This outcome should not be surprising. Nuclear programmes are not just physical assets; they are systems of expertise, organisation and political will. Bombs can destroy facilities, but they cannot destroy the underlying capability.
More importantly, military action has a predictable political effect: It strengthens the very factions it aims to weaken. In Iran, external attacks validate the argument of hardliners who insist that only nuclear deterrence can ensure survival.
This is the central paradox: every strike intended to stop Iran from going nuclear increases the incentives for it to do exactly the opposite.
History leaves little room for optimism. Iraq pursued nuclear weapons more aggressively after the Osirak strike. North Korea accelerated its program under pressure and ultimately succeeded. The consistent pattern is not prevention—it is escalation.
The double standard at the core
Any serious discussion of this crisis must confront an uncomfortable truth: The non-proliferation argument is undermined by its own inconsistencies.
Israel maintains an undeclared nuclear arsenal while remaining outside the Nuclear Non-Proliferation Treaty. Iran, a signatory to the NPT, is told it cannot even maintain advanced enrichment capabilities. This asymmetry is not a side issue—it is central to how Tehran frames its position domestically and internationally.
One does not need to endorse Iran’s policies to recognise the strategic reality: a system perceived as fundamentally unequal will not produce lasting compliance.
As long as nuclear capability is treated as legitimate for some and forbidden for others, proliferation pressures will persist. The current approach does not resolve this contradiction; it deepens it.
Escalation is a choice, not a necessity
The argument that there are no alternatives to pressure and force is simply false. What exists instead is a reluctance to pursue politically difficult solutions.
Continuing the current path—sanctions, covert action and periodic strikes—will not stop Iran. It will, at best, delay a decision while increasing the likelihood that when that decision comes, it will be definitive and irreversible. A nuclear-armed Iran would almost certainly trigger a wider regional arms race.
The idea of regime change is even more detached from reality. Recent interventions have shown that dismantling states is far easier than rebuilding them. Applying that model to a country as large and complex as Iran would not produce stability—it would produce prolonged chaos with global consequences.
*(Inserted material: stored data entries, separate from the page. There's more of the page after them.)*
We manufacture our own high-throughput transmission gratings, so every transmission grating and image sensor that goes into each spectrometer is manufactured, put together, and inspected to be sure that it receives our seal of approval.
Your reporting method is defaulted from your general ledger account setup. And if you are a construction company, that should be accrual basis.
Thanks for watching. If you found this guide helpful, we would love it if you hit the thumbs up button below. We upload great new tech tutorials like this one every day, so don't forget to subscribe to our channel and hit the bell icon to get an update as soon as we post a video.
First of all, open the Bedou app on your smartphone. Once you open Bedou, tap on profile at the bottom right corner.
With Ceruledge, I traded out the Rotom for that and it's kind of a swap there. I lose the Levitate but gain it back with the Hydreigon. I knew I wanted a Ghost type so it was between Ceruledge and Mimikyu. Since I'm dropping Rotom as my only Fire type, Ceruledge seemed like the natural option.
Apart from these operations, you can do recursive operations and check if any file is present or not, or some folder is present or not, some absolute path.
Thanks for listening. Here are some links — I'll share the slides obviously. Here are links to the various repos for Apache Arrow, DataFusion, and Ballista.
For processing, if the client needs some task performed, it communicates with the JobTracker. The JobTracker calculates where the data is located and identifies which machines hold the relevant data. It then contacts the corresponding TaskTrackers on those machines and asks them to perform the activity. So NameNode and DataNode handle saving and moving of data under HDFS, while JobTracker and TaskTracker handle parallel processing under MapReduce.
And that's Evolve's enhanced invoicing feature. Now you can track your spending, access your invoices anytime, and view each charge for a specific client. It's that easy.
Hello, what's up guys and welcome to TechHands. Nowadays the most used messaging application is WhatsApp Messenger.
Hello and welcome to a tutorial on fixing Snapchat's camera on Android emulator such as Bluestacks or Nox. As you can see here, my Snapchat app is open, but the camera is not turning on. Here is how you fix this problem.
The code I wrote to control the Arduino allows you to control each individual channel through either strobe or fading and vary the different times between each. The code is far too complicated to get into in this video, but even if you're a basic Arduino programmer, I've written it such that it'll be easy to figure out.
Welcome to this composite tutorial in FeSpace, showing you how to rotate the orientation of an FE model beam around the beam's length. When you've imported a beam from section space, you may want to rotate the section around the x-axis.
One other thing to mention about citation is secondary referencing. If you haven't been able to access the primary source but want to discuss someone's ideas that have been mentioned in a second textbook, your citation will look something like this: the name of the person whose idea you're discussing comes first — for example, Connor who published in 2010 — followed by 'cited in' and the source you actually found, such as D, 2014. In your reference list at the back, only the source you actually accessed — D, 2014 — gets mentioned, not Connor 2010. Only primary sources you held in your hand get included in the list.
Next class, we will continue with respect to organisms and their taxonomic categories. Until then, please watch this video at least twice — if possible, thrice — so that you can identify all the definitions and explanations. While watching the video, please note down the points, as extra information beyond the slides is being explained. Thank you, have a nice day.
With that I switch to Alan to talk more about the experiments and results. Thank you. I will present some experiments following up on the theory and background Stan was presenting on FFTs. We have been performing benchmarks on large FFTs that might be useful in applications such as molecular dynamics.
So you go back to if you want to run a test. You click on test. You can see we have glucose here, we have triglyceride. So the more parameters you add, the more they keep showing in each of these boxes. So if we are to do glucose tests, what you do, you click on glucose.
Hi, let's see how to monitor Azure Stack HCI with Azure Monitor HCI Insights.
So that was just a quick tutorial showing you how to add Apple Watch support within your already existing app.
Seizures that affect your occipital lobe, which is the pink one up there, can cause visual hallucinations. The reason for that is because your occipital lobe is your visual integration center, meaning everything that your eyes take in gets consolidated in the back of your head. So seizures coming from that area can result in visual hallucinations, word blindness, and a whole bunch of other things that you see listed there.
The only viable path forward is diplomacy. Not because it is ideal, but because every alternative is worse.
A renewed agreement would require compromise on all sides. Iran would need to accept stringent inspections and long-term limits. The United States would need to provide credible sanctions relief. Israel and its allies would need to accept that zero enrichment is no longer a realistic objective.
These are difficult concessions. They are also unavoidable ones.
A region on the brink
What is at stake is not just the future of Iran’s nuclear programme, but the stability of an entire region—and potentially the global order.
The Middle East is already strained by overlapping conflicts and fragile states. Introducing multiple nuclear-armed actors into this environment would dramatically increase the risk of miscalculation. Deterrence in theory is stable; in practice, it depends on rational actors, clear communication and reliable command structures—conditions that are not guaranteed in volatile regional crises.
The world has come close to nuclear catastrophe before. There is no reason to assume it will always step back in time.
The current trajectory is not containing risk. It is normalizing it.
The illusion of control
At its core, the strategy pursued over the past two decades rests on an illusion: that military superiority and sustained pressure can indefinitely control another nation’s strategic choices.
They cannot.
Security built on coercion alone is inherently unstable. It may suppress threats temporarily, but it does not eliminate them. Over time, it breeds the very outcomes it seeks to avoid.
If the objective is a Middle East without nuclear weapons, then the current approach is not just ineffective—it is counter-productive. It incentivises proliferation, entrenches hostility and erodes the credibility of international norms.
A different approach would begin with a simple recognition: lasting security cannot be imposed unilaterally. It must be negotiated, however imperfectly, among adversaries who do not trust one another but fear the consequences of failure.
Until that shift occurs, the region will remain trapped in a cycle where every attempt to enhance security makes it more fragile.
That is not deterrence.
It is escalation without end.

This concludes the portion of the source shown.